Нет, Глупышкин здесь ни при чем. Глупышкин — не лакей. Он — родоначальник плодотворного кинобезумия, дервиш города, пьяный без вина, нелепый Заратустра асфальтовых площадей.
Сорок тысяч героев Зощенки с подтяжками в одной руке и пирожным, на котором сделан «надкус», в другой — приветствуют «Куклу с миллионами».
А, кстати, у парижского «редактора» типаж московского пройдохи из кабачка в Доме Герцена. Можно так изолгаться, что и подлинная борода покажется приклеенной.
Любопытен всё же в этой картине ее звериный атавизм, ее мышиная гонка, младенческое ощущение кинотемпа не как скорости, а как спешки, столь памятной нам по тому времени, когда в иллюзионах шел сухой целлулоидный дождь, а горничная с метелкой лезла на стену.
Шпигун
Верблюд — фигура нейтральная. Он одинаково чужд и белым и красным. Хотя Шпиковский и заставляет верблюда чихнуть в лицо бывшему уряднику, осквернив его хлопьями пены, — это неубедительно. Благородный зверь мог осквернить своим поганым чихом любого и красного командира. Верблюду всё равно, на кого чихать, — нельзя сделать его орудием политики. Верблюд здесь важен как прием остранения. Одна только мысль пустить героя на верблюде по Украине — уже сама по себе великолепный сценарий. Здесь, кстати, скажем: у киносценария есть свои необоримые физиологические законы. Зритель к ним чрезвычайно чуток, он требует развития именно этих стихийных элементов, заложенных в сценарии. Быть может, прообразом всякого сценария была погоня, преследование, бегство. Для зрителя герой Шпиковского совсем не шкурник, а фантастический полусказочный «верблюжий шпигун», как метко определил его, рапортуя «его благородию», белый солдат в одной из отличных надписей фильма. Шпиковский сам не заметил, как вступил на путь сказки, а между тем он находится на несомненной фольклорной дорожке, с ее кружением вокруг одной неподвижной точки, с ее повторами, с ее здоровым лукавством.
Нет погибели на Ваньку-встаньку, нет покрышки на Тартарена, нет извода верблюжьему шпигуну.

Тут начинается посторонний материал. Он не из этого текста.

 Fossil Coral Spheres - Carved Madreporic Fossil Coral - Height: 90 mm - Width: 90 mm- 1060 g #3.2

Чем совершеннее киноязык, чем ближе он к тому еще никем не осуществленному мышлению будущего, которое мы называем кинопрозой, с ее могучим синтаксисом, — тем большее значение получает в фильме работа оператора. С этой точки зрения работа Шпиковского, несмотря на свою скромную реалистическую внешность, — достижение очень высокой пробы.

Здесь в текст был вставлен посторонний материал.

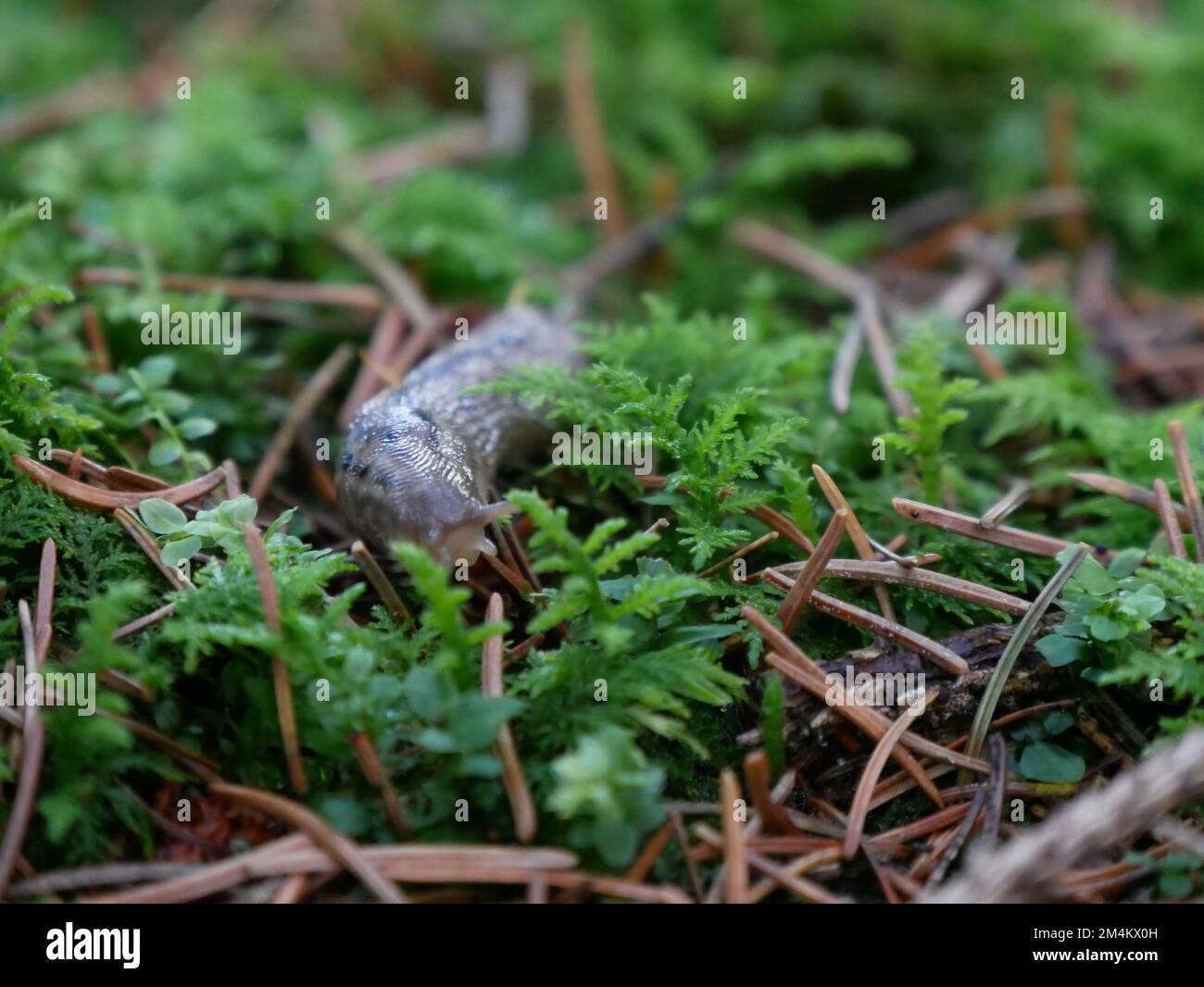 Slug su muschio Foto Stock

Этот художник, не возлагая излишних надежд на актерскую игру, повествует подлинными зрительными образами, не повышая голоса, без крика, без высоких нот, без хриплого шепота, который хуже всякого крика. Трудно поверить, что большая вещь выдержана от начала до конца, выдержана без единого крупного плана. Мы слышим всё время ровный, с логическими ударениями и небольшими паузами, голос чтеца. Шпиковский, я думаю, не сумел бы поставить натюрморт. Он видит мир с высоты седла, с вагонной площадки или с артиллерийской двуколки — глазами среднего человека — не напряженно, без символических причуд. В самом начале фильма он показывает землю, взрыхленную почву, какие-то черноземные бугры, но поворачивает плоскости с таким любовным мастерством, что зритель готов удивиться: как много на свете добротной земли, как похожа она на море.
Влюбленный в средний украинский пейзаж, он не впадает в живописность. Тощая артиллерия, например, плетется змейкой по узким уличкам предместья среди палисадников — если взять кадры отдельно, то скажешь: здесь засняты маневры где-нибудь на Шулявке. Это кусок хроники. Только замечательное использование светотени, свойственное Шпиковскому, и «угол зрения» поднимают такие куски на уровень кинопрозы. Шпиковский умеет работать на среднем дневном освещении. Его оператор должен был бы великолепно снимать хронику.